- _Your instructions_:
Your answer is one number: the count of lines below that hold the word "Express".

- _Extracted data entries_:
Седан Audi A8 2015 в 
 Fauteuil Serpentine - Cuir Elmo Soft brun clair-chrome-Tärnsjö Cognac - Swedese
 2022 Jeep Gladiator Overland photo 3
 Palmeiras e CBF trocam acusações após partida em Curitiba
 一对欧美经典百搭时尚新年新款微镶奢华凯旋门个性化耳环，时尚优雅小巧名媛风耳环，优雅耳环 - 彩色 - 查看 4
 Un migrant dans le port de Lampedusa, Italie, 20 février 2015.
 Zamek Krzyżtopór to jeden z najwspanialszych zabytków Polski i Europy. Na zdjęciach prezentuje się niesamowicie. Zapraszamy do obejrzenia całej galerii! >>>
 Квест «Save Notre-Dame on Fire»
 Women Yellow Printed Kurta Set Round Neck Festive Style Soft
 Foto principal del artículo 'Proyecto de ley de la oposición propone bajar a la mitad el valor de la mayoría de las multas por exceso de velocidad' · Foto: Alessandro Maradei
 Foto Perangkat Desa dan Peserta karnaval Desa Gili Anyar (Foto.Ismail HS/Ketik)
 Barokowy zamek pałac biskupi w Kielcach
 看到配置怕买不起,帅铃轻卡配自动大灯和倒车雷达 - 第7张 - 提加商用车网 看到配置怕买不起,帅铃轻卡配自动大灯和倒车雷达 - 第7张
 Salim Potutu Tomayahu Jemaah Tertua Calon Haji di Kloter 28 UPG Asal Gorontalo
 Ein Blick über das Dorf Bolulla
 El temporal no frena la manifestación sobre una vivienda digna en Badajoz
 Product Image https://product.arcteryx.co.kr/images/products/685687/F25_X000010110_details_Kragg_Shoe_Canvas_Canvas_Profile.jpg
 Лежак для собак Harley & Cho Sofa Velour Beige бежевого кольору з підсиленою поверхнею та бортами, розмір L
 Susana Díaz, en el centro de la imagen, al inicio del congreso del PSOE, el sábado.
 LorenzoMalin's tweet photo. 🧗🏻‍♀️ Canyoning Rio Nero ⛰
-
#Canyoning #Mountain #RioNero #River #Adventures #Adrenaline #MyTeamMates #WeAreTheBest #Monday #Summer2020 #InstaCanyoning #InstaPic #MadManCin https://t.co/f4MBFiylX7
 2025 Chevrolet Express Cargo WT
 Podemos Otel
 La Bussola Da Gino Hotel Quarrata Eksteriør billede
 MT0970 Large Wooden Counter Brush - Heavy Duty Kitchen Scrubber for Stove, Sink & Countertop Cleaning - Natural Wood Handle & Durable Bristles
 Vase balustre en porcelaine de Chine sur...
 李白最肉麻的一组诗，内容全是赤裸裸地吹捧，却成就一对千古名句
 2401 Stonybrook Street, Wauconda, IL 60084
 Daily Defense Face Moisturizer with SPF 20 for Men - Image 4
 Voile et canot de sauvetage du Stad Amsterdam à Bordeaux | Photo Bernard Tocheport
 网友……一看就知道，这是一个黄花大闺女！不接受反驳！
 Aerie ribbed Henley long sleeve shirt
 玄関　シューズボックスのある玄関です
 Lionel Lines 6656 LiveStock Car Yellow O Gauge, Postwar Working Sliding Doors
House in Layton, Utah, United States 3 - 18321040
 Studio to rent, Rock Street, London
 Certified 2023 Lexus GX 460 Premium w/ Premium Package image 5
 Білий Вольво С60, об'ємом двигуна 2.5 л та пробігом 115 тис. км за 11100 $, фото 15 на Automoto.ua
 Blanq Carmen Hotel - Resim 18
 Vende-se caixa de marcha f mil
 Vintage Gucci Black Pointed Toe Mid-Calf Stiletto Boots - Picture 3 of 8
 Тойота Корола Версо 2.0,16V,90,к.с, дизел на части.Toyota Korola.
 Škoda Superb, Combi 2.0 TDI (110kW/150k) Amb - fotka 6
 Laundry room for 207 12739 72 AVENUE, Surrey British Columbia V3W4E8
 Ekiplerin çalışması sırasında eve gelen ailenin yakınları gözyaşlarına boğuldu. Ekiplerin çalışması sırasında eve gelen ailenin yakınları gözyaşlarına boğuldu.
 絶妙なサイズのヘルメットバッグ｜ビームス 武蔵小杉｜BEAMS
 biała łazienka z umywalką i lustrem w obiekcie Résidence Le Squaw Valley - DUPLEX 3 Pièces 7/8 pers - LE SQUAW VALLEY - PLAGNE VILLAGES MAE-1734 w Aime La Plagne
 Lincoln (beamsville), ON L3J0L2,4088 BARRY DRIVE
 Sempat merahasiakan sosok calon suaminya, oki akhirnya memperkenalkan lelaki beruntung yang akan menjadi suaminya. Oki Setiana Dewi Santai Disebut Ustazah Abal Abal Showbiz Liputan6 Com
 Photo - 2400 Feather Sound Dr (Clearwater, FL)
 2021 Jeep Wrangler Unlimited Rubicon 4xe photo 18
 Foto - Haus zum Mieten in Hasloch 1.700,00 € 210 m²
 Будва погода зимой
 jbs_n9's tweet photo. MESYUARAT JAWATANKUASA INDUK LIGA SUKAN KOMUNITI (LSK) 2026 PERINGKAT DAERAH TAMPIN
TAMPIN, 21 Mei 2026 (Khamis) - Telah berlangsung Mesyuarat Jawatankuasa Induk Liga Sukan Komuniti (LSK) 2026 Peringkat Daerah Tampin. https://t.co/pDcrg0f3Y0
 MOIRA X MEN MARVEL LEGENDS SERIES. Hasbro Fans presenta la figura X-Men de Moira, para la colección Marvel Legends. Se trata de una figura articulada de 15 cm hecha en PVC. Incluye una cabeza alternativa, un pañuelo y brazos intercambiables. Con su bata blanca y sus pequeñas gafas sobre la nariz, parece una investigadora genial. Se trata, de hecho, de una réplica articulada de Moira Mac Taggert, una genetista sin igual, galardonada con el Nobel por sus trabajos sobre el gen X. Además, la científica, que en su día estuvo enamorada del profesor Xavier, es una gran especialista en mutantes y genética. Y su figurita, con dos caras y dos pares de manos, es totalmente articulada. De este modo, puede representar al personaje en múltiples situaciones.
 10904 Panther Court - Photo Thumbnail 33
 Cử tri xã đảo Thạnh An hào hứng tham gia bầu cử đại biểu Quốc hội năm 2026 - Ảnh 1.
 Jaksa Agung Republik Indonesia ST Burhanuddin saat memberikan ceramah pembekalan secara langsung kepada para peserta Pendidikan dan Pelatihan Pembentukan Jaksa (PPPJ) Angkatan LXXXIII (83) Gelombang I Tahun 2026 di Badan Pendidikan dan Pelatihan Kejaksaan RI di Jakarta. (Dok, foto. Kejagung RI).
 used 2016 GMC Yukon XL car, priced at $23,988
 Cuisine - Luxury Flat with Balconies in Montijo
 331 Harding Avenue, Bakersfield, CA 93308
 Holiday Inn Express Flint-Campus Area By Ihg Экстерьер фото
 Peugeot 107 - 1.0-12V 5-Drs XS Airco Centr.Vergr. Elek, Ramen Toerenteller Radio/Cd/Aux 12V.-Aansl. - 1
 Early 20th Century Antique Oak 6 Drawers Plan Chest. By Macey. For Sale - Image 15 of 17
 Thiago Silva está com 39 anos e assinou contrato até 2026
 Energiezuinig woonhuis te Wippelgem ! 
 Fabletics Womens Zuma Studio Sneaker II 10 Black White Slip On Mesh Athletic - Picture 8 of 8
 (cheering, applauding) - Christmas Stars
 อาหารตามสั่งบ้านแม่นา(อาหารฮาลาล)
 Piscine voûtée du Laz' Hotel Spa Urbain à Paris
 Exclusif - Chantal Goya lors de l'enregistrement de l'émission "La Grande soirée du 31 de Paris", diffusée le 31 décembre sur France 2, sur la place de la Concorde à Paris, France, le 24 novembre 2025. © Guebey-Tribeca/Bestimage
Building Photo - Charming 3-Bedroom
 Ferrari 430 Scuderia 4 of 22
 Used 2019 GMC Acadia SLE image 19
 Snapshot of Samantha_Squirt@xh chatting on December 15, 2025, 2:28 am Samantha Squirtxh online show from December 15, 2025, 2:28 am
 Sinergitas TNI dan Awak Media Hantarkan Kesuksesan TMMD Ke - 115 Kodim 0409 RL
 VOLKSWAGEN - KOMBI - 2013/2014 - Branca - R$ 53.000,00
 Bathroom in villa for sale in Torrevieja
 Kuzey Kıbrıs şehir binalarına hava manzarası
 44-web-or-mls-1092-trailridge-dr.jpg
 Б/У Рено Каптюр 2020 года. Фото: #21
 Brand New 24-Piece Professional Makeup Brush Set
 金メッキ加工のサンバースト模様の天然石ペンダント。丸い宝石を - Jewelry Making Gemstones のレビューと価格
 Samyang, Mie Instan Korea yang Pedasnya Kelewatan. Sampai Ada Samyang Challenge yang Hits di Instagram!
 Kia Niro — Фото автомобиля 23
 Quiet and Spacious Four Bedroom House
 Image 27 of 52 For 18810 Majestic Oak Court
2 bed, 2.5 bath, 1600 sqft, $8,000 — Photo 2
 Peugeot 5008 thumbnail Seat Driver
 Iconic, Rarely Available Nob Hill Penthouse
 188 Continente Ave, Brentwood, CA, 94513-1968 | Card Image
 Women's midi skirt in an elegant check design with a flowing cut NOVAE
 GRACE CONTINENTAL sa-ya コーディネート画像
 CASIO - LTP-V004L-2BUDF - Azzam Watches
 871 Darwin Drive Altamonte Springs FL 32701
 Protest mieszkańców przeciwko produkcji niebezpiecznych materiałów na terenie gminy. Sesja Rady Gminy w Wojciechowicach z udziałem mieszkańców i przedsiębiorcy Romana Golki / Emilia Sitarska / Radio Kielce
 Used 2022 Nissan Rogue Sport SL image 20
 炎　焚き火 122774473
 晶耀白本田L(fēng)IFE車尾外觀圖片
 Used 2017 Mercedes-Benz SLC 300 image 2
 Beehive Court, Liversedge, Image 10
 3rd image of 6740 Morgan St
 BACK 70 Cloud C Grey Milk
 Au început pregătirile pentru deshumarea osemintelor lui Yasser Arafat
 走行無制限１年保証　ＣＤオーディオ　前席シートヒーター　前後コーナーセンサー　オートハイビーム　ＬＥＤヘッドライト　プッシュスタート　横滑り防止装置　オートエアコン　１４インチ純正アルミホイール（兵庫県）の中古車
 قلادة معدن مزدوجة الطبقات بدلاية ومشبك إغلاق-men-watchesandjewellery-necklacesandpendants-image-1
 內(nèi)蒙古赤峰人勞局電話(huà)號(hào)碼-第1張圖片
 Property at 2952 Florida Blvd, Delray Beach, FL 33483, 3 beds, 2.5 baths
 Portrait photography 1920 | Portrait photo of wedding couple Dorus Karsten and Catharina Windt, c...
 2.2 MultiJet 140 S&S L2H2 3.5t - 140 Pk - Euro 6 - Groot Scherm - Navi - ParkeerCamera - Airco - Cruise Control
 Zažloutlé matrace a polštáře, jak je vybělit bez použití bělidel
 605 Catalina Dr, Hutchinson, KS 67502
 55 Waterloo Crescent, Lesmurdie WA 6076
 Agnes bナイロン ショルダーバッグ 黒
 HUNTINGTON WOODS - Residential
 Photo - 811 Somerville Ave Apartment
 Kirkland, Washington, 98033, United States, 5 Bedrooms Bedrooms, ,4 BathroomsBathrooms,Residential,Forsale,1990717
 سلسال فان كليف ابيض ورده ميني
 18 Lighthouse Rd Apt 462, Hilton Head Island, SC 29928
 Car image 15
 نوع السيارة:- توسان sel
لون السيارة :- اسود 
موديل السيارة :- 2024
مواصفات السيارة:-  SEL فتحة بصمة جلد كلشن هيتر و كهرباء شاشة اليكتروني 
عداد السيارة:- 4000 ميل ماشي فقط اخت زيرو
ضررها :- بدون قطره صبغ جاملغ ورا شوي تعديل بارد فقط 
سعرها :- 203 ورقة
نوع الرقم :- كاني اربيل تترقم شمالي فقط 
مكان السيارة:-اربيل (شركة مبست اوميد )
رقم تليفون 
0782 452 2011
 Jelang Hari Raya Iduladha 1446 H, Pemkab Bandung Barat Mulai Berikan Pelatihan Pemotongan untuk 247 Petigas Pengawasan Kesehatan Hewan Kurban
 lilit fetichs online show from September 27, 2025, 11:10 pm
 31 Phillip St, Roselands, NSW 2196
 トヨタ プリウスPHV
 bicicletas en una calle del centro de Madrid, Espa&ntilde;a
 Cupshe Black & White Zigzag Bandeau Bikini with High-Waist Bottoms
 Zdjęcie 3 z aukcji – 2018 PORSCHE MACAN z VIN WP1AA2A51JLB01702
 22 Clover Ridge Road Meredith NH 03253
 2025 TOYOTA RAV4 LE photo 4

- _Output of the exercise_:
2